No diário do fim, Morin repassa seu empenho em estar próximo da mulher, as dificuldades do tratamento, perda de confiança na ciência, a busca de tratamentos alternativos e mágicos, com a presença de feiticeiros e xamãs, a decisão de se tratar em casa. A solidão vai aplainando a emoção até que Edgar se vê só. Resta cumprir o trabalho do luto e tentar retomar a vida, já na casa dos 90 anos.
Em alguns momentos, o livro lembra Carta a D – História de um amor, de André Gorz (1923-2007), em que o também sociólogo e filósofo francês (que em alguns pontos, como a recusa ao convencionalismo, se aproxima de Morin) homenageia a mulher Dorine, com quem viveu por quase 60 anos. Dorine sofria uma doença degenerativa, decorrente de um erro médico. No entanto, diferentemente de Edgar Morin, a cerimônia de adeus de Gorz e Dorine termina num suicídio duplo.

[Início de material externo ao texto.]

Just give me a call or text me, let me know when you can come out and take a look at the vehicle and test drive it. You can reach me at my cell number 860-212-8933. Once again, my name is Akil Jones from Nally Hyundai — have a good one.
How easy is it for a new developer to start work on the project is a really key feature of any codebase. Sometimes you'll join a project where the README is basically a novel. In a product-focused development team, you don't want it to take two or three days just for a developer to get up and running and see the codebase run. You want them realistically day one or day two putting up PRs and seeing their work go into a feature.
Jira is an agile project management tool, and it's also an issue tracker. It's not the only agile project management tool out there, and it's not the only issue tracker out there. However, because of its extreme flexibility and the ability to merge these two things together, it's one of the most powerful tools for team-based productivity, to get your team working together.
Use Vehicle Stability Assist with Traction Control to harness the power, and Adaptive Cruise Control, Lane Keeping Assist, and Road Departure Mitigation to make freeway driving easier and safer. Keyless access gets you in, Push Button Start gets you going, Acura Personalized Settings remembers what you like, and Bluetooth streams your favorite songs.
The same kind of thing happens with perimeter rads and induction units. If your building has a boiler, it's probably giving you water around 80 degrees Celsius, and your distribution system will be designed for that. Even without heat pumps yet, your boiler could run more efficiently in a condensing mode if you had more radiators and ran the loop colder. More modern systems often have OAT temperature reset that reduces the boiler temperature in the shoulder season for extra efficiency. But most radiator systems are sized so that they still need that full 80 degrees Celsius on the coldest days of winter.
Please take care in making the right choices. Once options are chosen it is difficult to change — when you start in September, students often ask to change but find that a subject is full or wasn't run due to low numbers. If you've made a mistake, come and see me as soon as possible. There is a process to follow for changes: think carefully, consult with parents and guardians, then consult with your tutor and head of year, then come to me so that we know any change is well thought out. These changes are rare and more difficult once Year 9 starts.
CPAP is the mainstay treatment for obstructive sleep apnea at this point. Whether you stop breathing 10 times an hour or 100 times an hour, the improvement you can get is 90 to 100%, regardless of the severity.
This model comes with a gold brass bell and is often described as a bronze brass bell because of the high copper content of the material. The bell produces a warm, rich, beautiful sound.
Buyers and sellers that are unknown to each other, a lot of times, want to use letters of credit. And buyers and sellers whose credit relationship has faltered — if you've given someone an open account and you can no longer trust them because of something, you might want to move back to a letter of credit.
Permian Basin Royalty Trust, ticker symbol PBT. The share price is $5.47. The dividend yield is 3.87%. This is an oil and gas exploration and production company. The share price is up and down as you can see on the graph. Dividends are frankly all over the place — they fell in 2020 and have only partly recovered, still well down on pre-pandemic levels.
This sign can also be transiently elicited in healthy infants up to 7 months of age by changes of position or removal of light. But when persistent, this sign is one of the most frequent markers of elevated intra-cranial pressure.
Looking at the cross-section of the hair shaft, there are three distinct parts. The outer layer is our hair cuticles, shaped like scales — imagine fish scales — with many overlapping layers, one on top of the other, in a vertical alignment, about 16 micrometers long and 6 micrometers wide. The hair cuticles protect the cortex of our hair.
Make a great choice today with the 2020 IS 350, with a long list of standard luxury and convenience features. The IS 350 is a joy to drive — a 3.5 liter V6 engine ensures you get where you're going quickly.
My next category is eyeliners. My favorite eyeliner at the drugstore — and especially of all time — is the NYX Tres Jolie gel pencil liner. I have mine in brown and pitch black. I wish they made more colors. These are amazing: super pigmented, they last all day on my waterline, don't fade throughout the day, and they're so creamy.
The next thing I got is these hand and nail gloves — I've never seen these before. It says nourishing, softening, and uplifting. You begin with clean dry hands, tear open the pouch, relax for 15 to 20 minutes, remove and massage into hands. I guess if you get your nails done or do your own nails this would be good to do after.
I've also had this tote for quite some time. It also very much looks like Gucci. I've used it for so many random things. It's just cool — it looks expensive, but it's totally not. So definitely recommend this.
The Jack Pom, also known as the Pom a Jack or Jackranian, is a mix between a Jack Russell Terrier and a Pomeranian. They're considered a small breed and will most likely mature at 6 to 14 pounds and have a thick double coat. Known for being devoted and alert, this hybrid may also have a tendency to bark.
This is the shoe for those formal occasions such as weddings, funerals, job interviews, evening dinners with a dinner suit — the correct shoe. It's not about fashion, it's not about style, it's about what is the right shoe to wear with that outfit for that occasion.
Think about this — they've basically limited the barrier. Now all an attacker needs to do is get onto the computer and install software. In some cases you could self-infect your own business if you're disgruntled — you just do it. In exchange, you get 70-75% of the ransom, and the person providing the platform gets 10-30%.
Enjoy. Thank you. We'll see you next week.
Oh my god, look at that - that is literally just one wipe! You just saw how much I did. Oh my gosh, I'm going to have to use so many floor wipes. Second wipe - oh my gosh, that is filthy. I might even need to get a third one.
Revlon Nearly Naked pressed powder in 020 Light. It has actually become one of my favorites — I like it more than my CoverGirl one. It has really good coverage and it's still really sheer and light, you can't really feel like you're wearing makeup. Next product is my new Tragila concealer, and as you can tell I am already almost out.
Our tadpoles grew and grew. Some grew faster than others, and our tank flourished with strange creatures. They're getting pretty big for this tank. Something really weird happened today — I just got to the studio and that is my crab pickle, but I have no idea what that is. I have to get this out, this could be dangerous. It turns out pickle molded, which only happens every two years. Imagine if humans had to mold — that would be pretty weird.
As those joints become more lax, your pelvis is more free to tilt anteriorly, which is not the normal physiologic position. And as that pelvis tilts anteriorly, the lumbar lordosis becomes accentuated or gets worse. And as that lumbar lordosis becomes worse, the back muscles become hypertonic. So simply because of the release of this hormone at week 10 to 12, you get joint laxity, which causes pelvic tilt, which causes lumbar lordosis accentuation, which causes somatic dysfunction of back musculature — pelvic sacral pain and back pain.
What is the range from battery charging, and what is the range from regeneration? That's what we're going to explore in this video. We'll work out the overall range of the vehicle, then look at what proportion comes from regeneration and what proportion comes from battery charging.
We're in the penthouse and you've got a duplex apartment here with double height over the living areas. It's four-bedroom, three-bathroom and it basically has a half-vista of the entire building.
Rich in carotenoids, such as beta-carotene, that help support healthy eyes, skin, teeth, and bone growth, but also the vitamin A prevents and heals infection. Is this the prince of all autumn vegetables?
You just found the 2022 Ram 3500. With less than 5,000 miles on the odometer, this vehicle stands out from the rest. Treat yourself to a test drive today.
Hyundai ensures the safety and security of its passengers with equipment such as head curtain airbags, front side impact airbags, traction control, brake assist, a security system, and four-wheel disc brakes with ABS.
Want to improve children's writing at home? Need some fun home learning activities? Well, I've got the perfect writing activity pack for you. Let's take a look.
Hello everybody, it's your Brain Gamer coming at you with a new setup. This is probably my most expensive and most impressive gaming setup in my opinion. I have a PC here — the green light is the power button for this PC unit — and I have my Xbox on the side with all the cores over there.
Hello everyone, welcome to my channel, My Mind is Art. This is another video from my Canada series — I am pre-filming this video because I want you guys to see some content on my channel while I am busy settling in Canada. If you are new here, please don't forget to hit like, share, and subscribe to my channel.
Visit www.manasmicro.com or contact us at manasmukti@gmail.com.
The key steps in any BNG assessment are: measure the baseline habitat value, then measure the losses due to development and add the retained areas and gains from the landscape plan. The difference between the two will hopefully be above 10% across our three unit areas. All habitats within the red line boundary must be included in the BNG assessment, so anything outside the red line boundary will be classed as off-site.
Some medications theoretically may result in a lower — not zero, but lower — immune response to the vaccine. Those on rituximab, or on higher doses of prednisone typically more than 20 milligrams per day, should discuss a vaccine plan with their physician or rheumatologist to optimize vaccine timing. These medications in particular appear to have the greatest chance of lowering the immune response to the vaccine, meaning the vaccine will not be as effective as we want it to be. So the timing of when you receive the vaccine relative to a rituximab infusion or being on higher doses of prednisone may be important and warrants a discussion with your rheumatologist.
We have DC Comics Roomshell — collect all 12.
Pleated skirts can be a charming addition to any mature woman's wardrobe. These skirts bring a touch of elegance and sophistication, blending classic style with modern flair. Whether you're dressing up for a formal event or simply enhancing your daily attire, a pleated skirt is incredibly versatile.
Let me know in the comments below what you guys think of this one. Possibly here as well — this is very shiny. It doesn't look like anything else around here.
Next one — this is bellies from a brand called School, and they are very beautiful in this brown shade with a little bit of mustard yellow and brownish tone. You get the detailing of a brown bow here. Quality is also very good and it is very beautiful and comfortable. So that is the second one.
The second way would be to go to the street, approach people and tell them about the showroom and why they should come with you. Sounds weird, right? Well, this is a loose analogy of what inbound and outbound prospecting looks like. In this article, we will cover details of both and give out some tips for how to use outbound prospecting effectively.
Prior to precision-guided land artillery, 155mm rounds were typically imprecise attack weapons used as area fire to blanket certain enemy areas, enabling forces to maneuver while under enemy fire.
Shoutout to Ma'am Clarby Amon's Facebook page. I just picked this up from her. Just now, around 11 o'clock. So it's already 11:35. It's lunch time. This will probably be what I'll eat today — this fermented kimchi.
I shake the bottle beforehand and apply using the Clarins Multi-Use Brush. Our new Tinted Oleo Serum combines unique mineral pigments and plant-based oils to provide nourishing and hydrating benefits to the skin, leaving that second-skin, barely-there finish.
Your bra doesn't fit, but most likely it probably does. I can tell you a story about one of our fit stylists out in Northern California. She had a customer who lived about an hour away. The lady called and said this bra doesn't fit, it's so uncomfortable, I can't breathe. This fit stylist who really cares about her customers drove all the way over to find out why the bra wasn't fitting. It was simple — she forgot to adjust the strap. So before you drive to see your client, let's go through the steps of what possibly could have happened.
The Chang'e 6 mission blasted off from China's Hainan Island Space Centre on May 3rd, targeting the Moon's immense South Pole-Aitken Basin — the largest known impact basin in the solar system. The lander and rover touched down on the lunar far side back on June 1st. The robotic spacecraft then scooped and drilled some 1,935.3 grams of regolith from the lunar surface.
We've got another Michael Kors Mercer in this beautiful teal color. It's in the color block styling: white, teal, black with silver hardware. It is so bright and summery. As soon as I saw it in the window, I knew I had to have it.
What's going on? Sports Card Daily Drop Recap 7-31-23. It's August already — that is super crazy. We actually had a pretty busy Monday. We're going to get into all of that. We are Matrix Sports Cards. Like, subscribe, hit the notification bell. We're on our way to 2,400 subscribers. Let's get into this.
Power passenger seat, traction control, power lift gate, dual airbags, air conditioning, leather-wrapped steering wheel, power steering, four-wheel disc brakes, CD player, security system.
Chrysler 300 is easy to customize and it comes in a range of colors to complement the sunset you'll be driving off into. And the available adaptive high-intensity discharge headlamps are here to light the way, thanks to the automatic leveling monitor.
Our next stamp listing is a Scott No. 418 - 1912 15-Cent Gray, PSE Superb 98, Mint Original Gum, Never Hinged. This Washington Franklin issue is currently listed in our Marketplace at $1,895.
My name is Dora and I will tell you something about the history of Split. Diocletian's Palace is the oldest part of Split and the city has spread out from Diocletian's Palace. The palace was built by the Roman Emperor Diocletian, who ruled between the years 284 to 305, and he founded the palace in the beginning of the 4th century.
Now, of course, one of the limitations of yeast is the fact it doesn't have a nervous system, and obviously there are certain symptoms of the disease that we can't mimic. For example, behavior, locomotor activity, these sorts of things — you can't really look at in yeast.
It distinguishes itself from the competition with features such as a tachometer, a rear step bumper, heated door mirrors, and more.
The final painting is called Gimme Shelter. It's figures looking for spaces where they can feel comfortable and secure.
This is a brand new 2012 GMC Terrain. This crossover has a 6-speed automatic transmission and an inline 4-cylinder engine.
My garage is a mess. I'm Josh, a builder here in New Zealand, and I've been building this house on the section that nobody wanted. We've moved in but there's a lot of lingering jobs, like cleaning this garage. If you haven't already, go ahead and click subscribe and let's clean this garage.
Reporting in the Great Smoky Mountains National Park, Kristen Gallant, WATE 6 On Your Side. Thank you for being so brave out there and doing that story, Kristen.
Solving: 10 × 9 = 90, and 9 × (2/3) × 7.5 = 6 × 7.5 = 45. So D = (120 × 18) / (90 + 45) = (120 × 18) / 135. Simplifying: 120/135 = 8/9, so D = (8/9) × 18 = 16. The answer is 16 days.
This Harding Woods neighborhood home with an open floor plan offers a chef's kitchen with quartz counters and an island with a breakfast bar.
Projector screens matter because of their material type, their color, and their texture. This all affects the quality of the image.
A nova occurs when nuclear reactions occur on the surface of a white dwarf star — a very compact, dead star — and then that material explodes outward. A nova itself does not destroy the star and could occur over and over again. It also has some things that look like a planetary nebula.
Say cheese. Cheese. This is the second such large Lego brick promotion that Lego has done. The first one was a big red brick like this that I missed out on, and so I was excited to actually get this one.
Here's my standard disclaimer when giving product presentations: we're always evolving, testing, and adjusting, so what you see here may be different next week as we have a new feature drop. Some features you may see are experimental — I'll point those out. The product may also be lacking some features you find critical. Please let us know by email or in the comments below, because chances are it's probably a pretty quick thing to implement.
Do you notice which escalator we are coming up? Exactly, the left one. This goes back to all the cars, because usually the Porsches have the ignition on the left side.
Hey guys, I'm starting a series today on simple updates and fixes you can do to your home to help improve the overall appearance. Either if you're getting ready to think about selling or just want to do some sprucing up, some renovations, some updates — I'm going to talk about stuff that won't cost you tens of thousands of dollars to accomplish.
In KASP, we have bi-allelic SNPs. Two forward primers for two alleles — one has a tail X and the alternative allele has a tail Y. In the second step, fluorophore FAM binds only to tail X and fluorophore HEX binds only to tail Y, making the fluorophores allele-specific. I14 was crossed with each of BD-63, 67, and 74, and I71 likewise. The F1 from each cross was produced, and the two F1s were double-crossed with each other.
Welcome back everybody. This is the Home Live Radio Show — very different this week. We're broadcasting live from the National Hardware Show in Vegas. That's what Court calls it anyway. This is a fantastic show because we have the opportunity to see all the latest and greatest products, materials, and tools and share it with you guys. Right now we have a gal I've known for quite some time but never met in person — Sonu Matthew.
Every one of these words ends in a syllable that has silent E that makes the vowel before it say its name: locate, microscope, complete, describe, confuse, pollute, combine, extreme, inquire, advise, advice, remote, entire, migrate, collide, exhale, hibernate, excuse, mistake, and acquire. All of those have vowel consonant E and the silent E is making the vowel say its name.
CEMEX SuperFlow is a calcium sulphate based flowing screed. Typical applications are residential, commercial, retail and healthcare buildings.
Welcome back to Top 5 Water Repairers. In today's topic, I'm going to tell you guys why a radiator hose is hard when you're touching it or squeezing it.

Edwige, a inseparável é um livro de desespero e esperança, de intimidade e confissão pública do sofrimento, de homenagem à mulher e de memória do que se foi para sempre. Quando, emocionado, o leitor chega ao meio do livro, com o suave apagamento da chama de Edwige em 29 de fevereiro de 2008, Morin passa a narrar como se esforçou para seguir sua vida sem a presença do amor. E, o mais impressionante, é que a tristeza e sofrimento, mesmo reais e pungentes, não apagam a vontade de viver. Embora haja choro e dor, a música de Beethoven começa a ser ouvida novamente.